Goal of the exercise: Give back every entry exactly as it is written, but not the pictures.

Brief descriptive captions
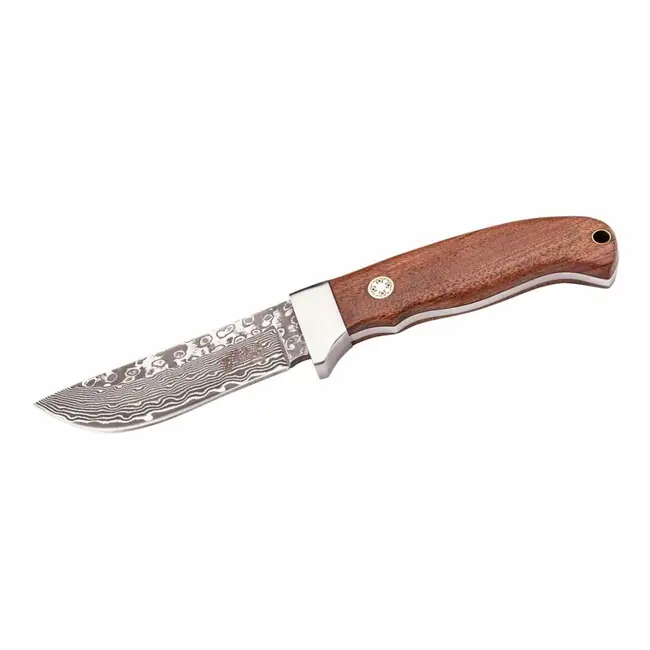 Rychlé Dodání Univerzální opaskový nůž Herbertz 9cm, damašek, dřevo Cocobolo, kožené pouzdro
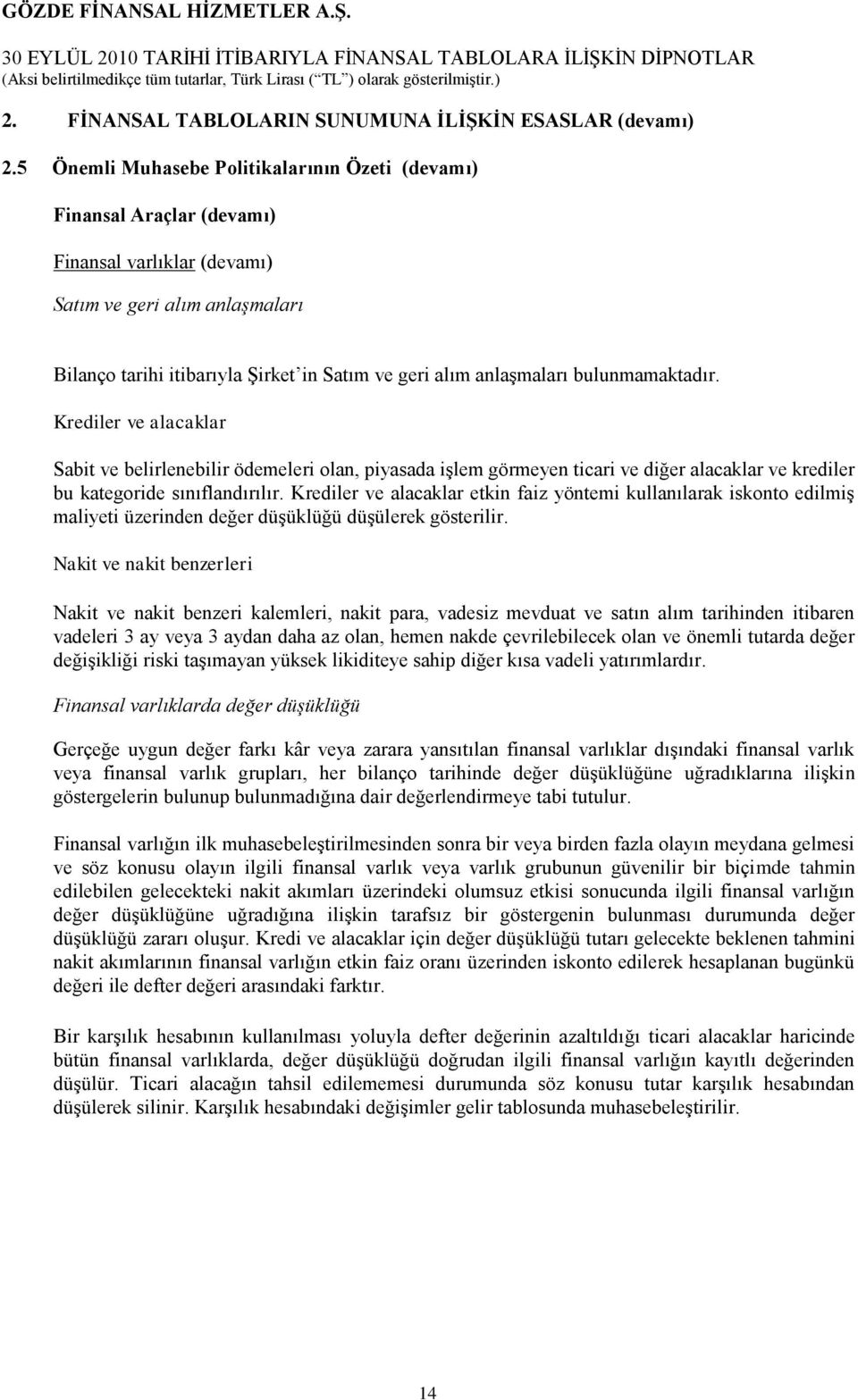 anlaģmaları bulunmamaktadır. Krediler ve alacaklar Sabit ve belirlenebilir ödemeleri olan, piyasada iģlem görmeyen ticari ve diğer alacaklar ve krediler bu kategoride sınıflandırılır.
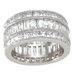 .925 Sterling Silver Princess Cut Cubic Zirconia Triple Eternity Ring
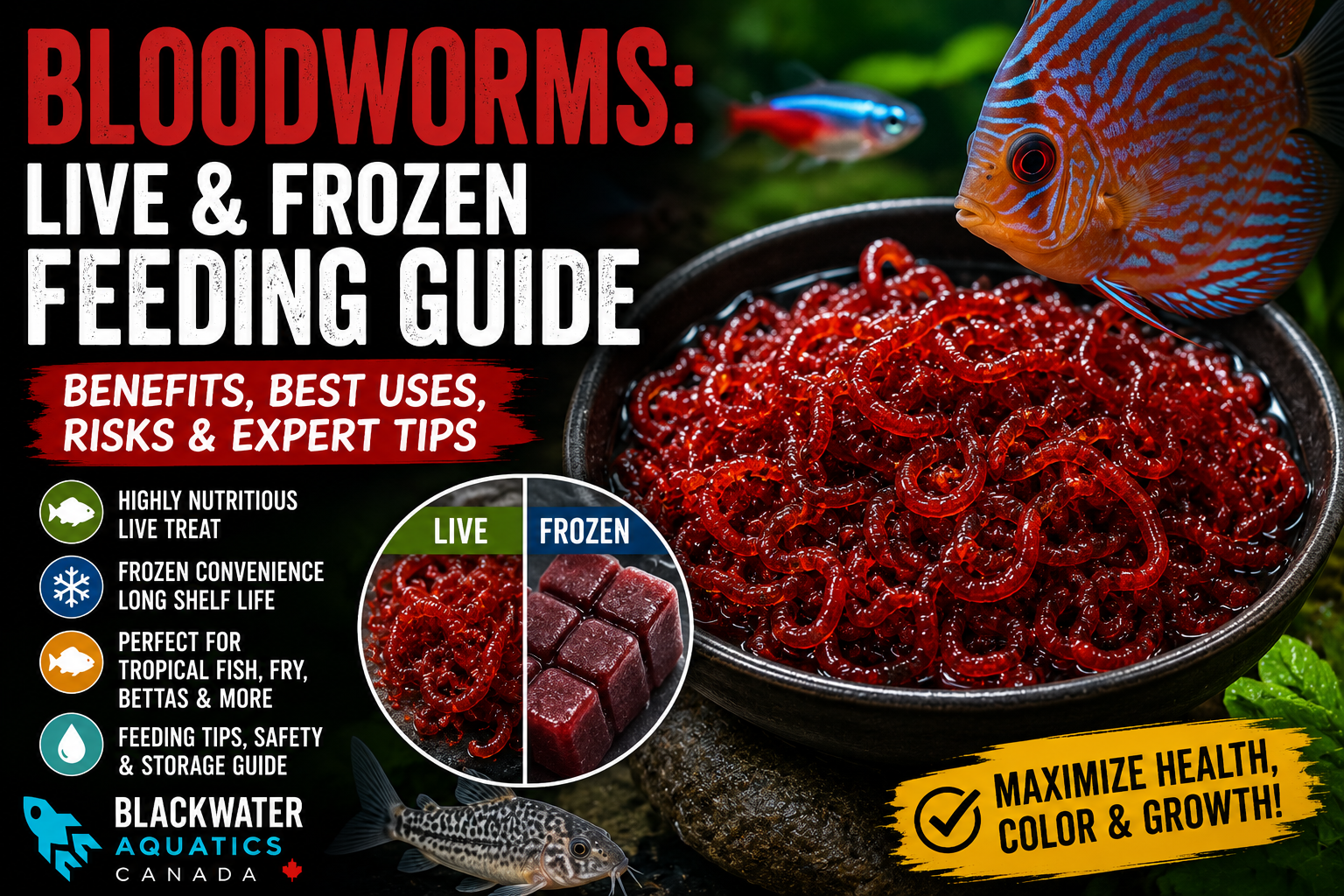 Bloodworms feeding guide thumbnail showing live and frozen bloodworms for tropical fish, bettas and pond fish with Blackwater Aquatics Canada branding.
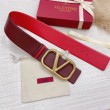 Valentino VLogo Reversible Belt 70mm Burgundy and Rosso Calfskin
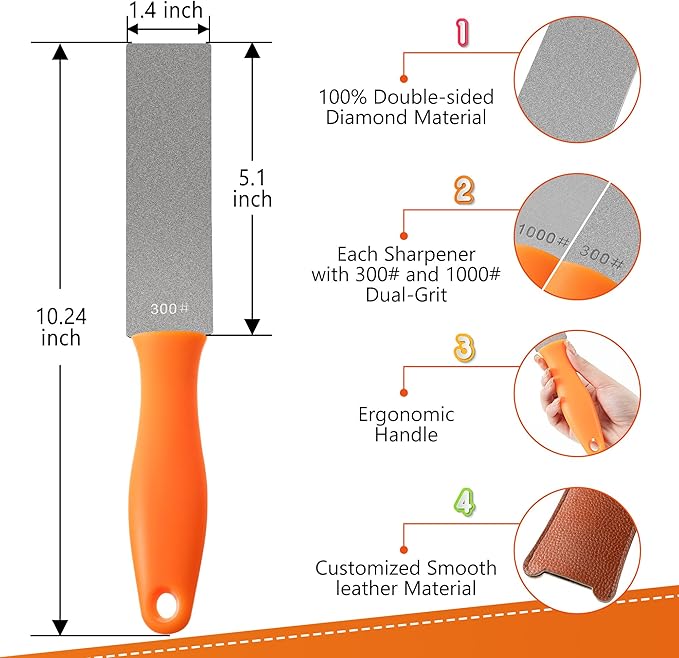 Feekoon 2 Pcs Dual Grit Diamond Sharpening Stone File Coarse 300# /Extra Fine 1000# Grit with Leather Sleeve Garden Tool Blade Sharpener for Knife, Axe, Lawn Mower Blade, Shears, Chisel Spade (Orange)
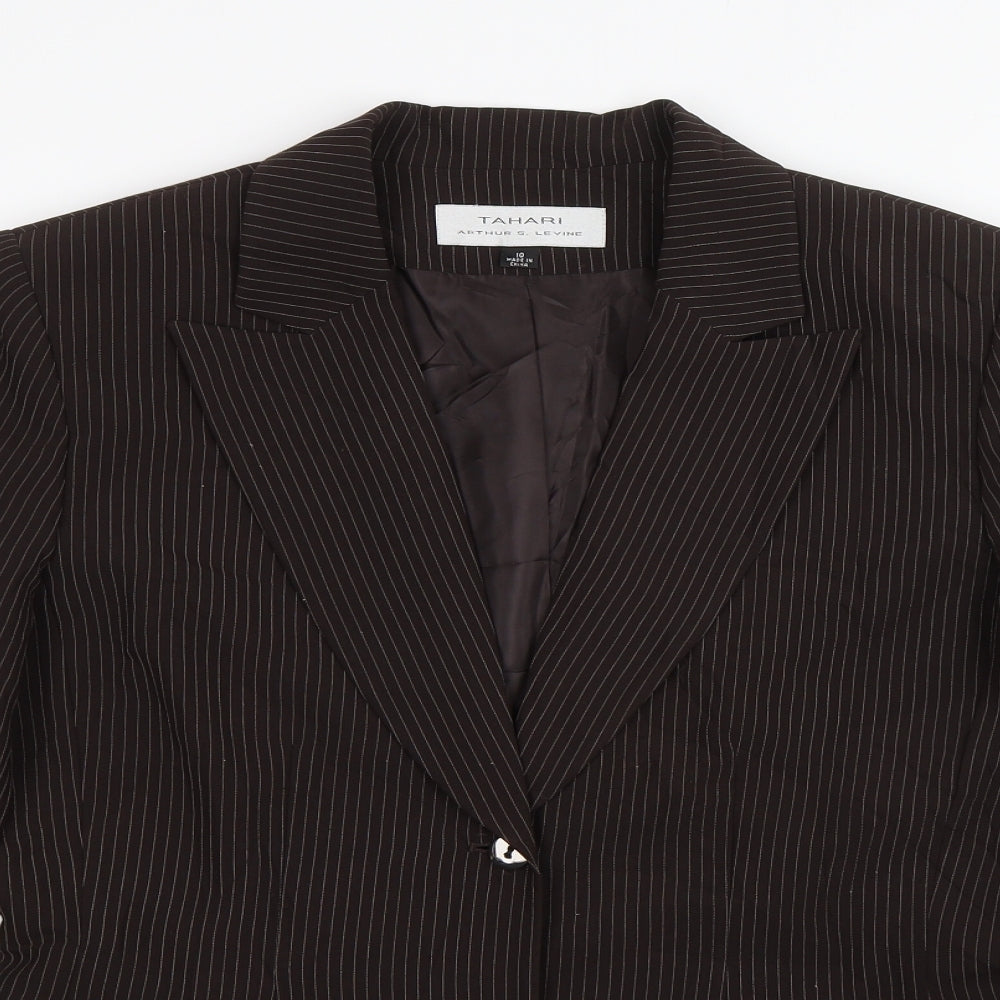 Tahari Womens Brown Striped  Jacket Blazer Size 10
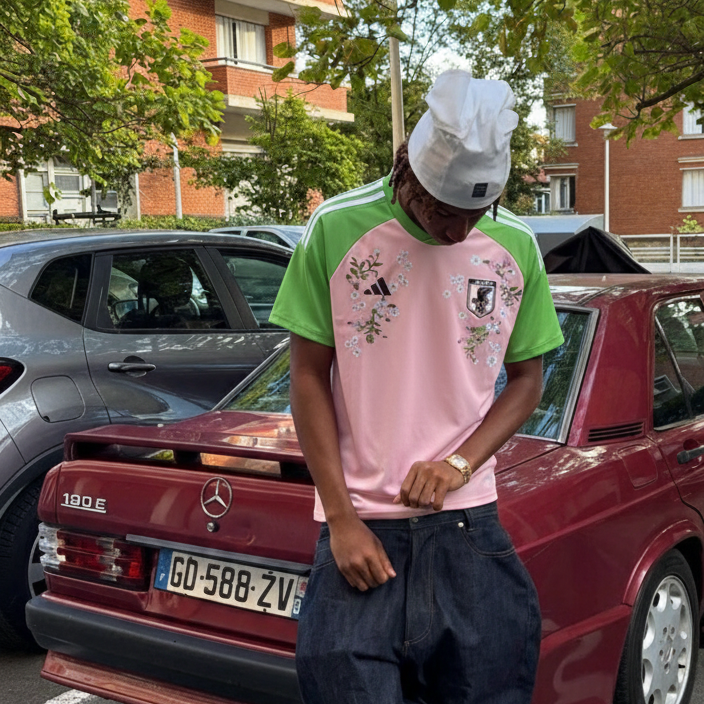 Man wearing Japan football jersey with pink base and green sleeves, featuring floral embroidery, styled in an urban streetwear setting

Response:
 Rychlé Dodání Univerzální opaskový nůž Herbertz 9cm, damašek, dřevo Cocobolo, kožené pouzdro
 anlaģmaları bulunmamaktadır. Krediler ve alacaklar Sabit ve belirlenebilir ödemeleri olan, piyasada iģlem görmeyen ticari ve diğer alacaklar ve krediler bu kategoride sınıflandırılır.
 .925 Sterling Silver Princess Cut Cubic Zirconia Triple Eternity Ring
 Bloodworms feeding guide thumbnail showing live and frozen bloodworms for tropical fish, bettas and pond fish with Blackwater Aquatics Canada branding.
 Valentino VLogo Reversible Belt 70mm Burgundy and Rosso Calfskin
 Feekoon 2 Pcs Dual Grit Diamond Sharpening Stone File Coarse 300# /Extra Fine 1000# Grit with Leather Sleeve Garden Tool Blade Sharpener for Knife, Axe, Lawn Mower Blade, Shears, Chisel Spade (Orange)
 Tahari Womens Brown Striped  Jacket Blazer Size 10
 Man wearing Japan football jersey with pink base and green sleeves, featuring floral embroidery, styled in an urban streetwear setting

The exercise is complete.